## EXERCISE DIRECTIONS
Using the material below, repeat exactly the lines from the one with "एक्सप्रेस वे पर" through the one with "Apartment in Glasgow, Hillfoot, East", ends included, without any images.

DATA PROVIDED START

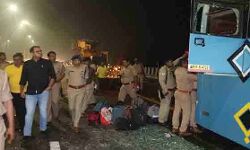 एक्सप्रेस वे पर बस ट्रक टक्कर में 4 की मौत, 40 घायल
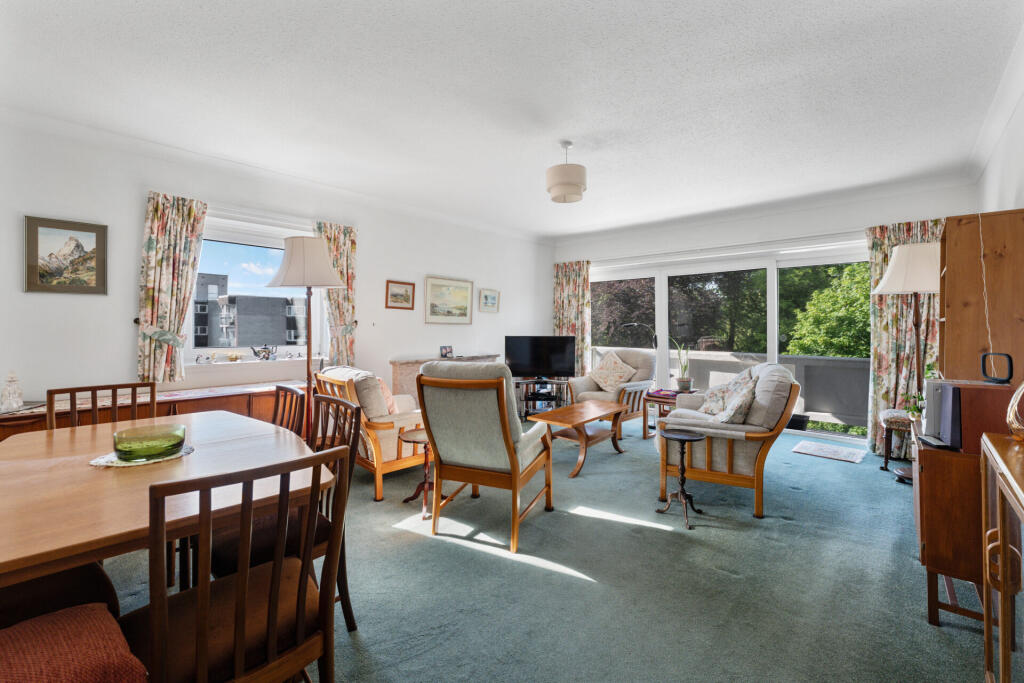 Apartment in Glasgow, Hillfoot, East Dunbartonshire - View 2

DATA PROVIDED END
DATA PROVIDED START

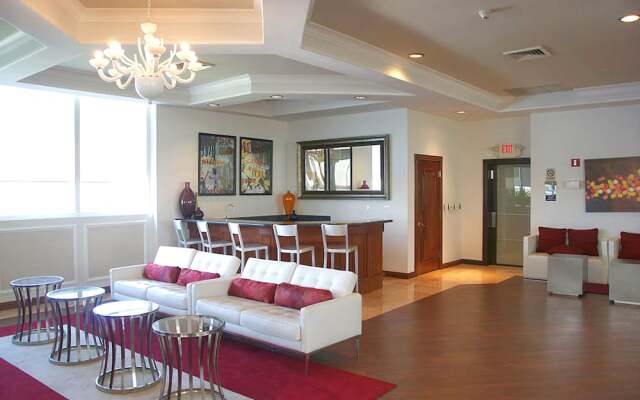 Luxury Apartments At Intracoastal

DATA PROVIDED END

## RESULT
 एक्सप्रेस वे पर बस ट्रक टक्कर में 4 की मौत, 40 घायल
 Apartment in Glasgow, Hillfoot, East Dunbartonshire - View 2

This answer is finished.